You’ve probably already heard about the Mediterranean diet for its health benefits, maybe for heart health or for preventing diabetes. Well, it also seems to benefit long-term brain health! For example, one study on 116 people showed that those eating a Mediterranean diet had thicker cortical brain regions, which are regions in the brain that shrinks in people with Alzheimer’s disease. (1) The Meditarranean diet consists of plenty of fresh fruits and vegetables and healthy fats from sources like fatty fish and olive oil.  

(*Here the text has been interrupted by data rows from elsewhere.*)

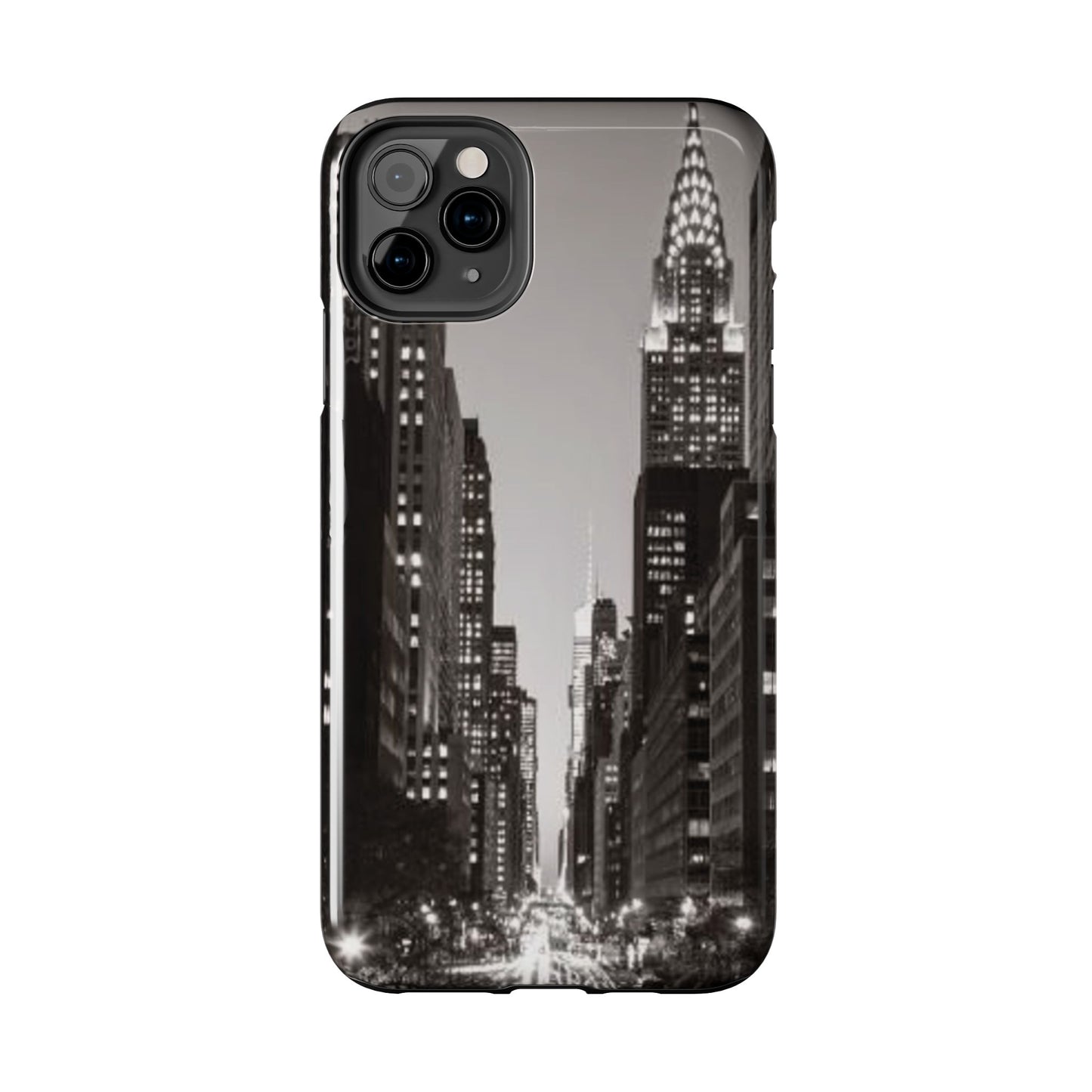 New York Skyline Phone Case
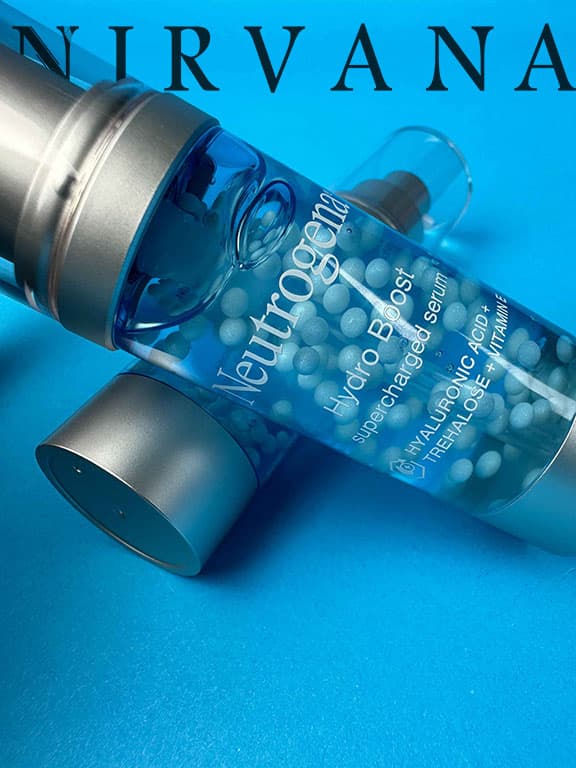 سرم آبرسان کپسولی نوتروژینا Neutrogena — تصویر ۷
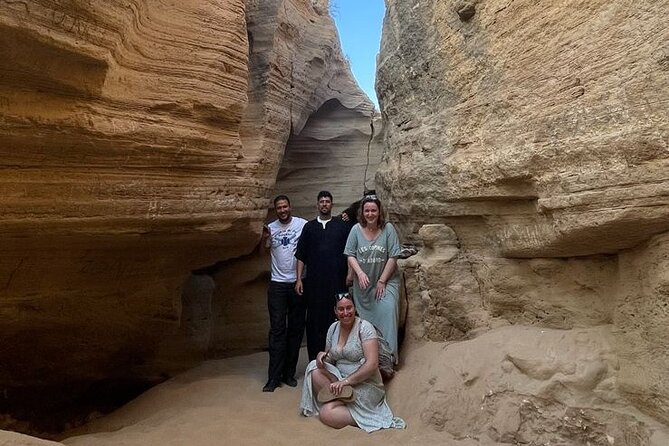 Timlalin Dunes & Sandboarding From Agadir - Practical details that affect your day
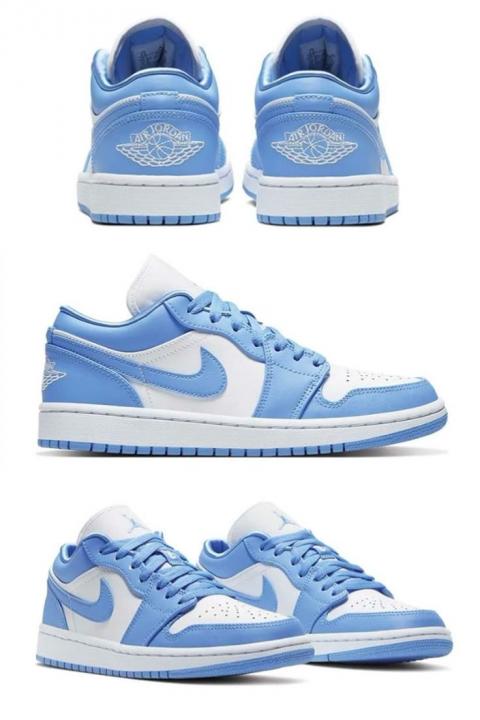 AJ1 Low UNC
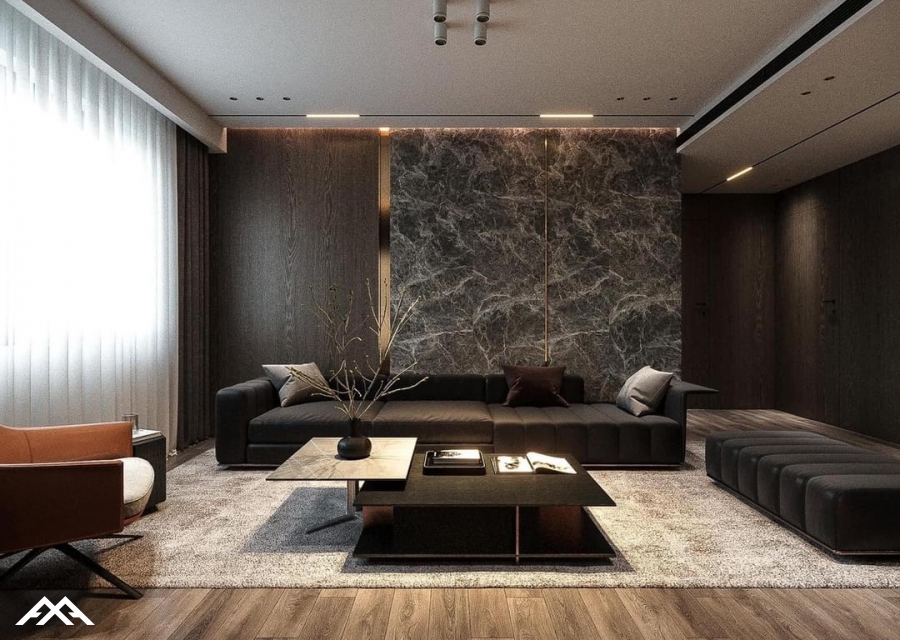 Căn hộ hiện đại cao cấp 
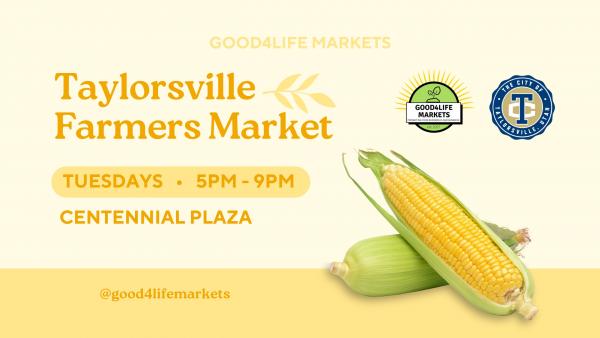 Taylorsville Farmers Market 2024 - Vendor Application & Agreement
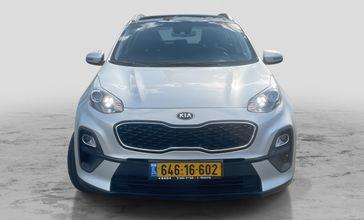 קיה ספורטז'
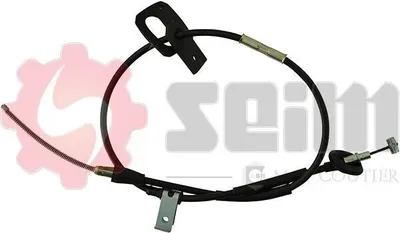 Produktbild von SEIM Handbremsseil Seilzug Feststellbremse für SUZUKI Vitara SUV (ET, TA, TD) Hinten Links 733503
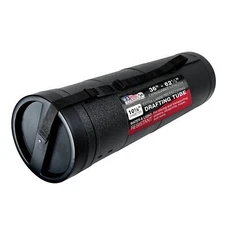 Drafting Poster Tube X-LARGE Black Diameter: 10-1/2". 36 to 62-1/2". Length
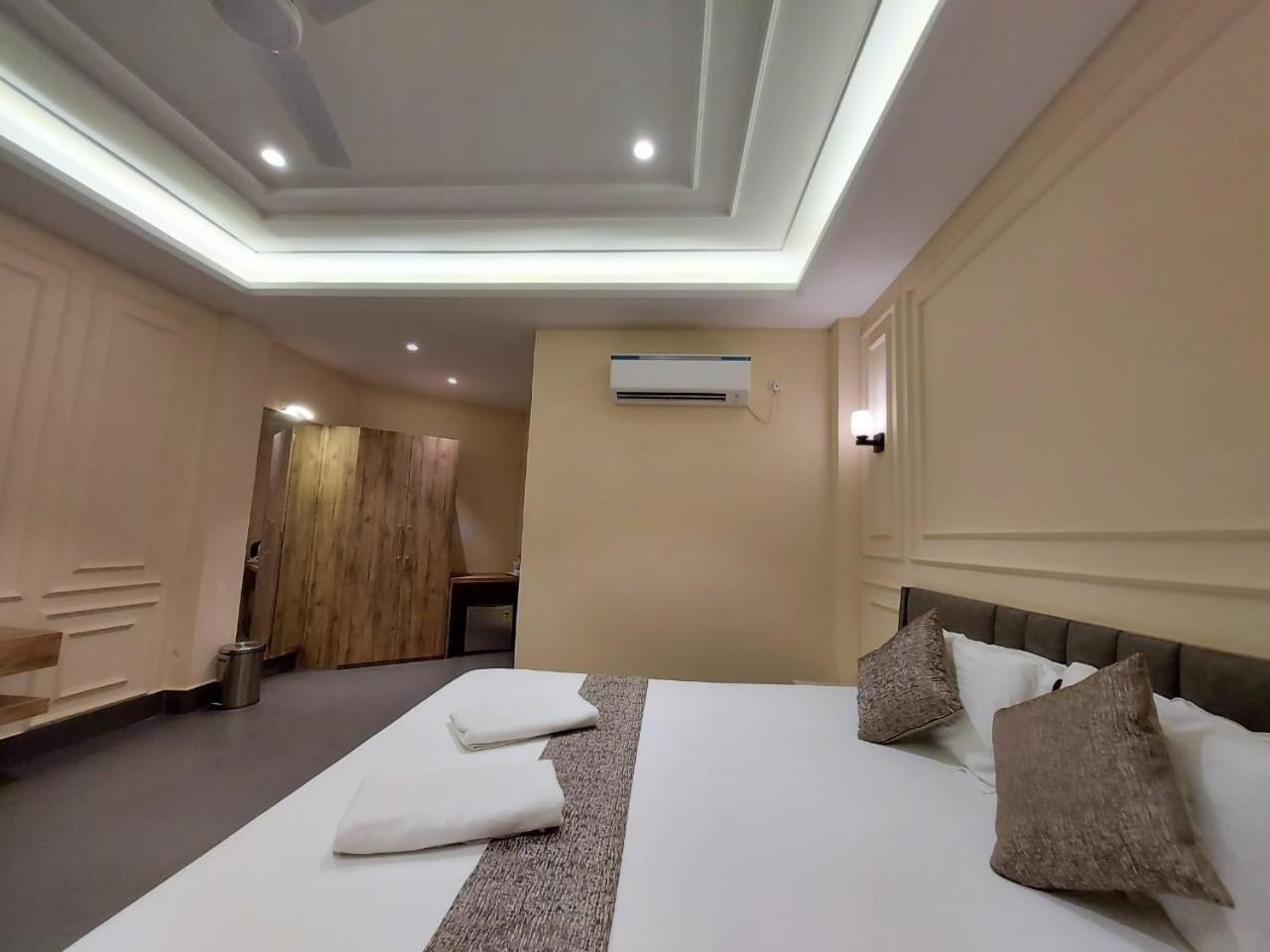 Parth King Beach Resort Mandarmani Extérieur photo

2. Avoid high blood pressure 

High blood pressure is a major risk factor for dementia and it’s common for people with Alzheimer’s-like changes in the brain to also show vascular damage. For example, data from the Honolulu-Asia Aging Study measured cognition in 3,734 Japanese-American men in Hawaii who’d had their blood pressure measured more than 20 years earlier. (2) Researchers found that for every 10-mmHg increase in systolic blood pressure, there was a 9 percent increase in risk for poor cognitive function. The good news is that there are plenty of lifestyle factors that can help you reduce blood pressure, including cutting down on caffeine, reducing sodium in your diet, maintaining a healthy weight, and reducing stress. 

3. Follow a MIND diet 

Speaking of the Meditarranean diet and blood pressure, there’s actually a diet that’s specifically designed to combine two to help slow neurological decline and prevent neurodegenerative diseases like dementia. It’s called the MIND (Mediterranean–DASH Intervention for Neurodegenerative Delay). The diet limits foods like red meat, sweets, cheese, dairy and trans fats, and fast food and encourages: 

  • Leafy green vegetables, at least 6 servings/week
  • Other vegetables, at least 1 serving/day
  • Berries, at least 2 servings/week
  • Whole grains, at least 3 servings/day
  • Fish, 1 serving/week
  • Poultry, 2 servings/week
  • Beans, 3 servings/week
  • Nuts, 5 servings/week
  • Wine, 1 glass/day*
  • Olive oil

This diet is extremely effective at preventing dementia. For example, one analysis found that after an average of 4.5 years, people who adhered closely to the diet had a MIND  53% reduced rate of Alzheimer’s disease compared to those who did not follow the diet closely. (3) 

4. Reduce sugar

I write about the dangers of sugar all the time, and brain health is just one of the many parts of the body damaged by too much-added sugar. There’s a known link between insulin resistance and dementia. For example, a Wisconsin Alzheimer's Institute study (4) examined brain scans in 150 late middle-aged adults who were at risk for Alzheimer's disease and showed that people with higher levels of insulin resistance used less blood sugar in areas of the brain most susceptible to Alzheimer's, which means that part of the brain has less energy to process information and create and retain memories.  Cutting out sugar is easier said than done, but luckily I created this guide to cutting out sugar to help you on your journey. 

 5. Move your body 

I saved the best for last! If there’s one thing to do to prevent dementia, it’s moving your body. A review of existing research showed that regular exercise can reduce the risk of developing dementia and Alzheimer’s by 30 to 40 percent. (6) In fact, out of five healthy behaviors (getting regular exercise, not smoking, maintaining moderate alcohol intake, and having healthy body weight and healthy diet) exercise reduces dementia risk the most. 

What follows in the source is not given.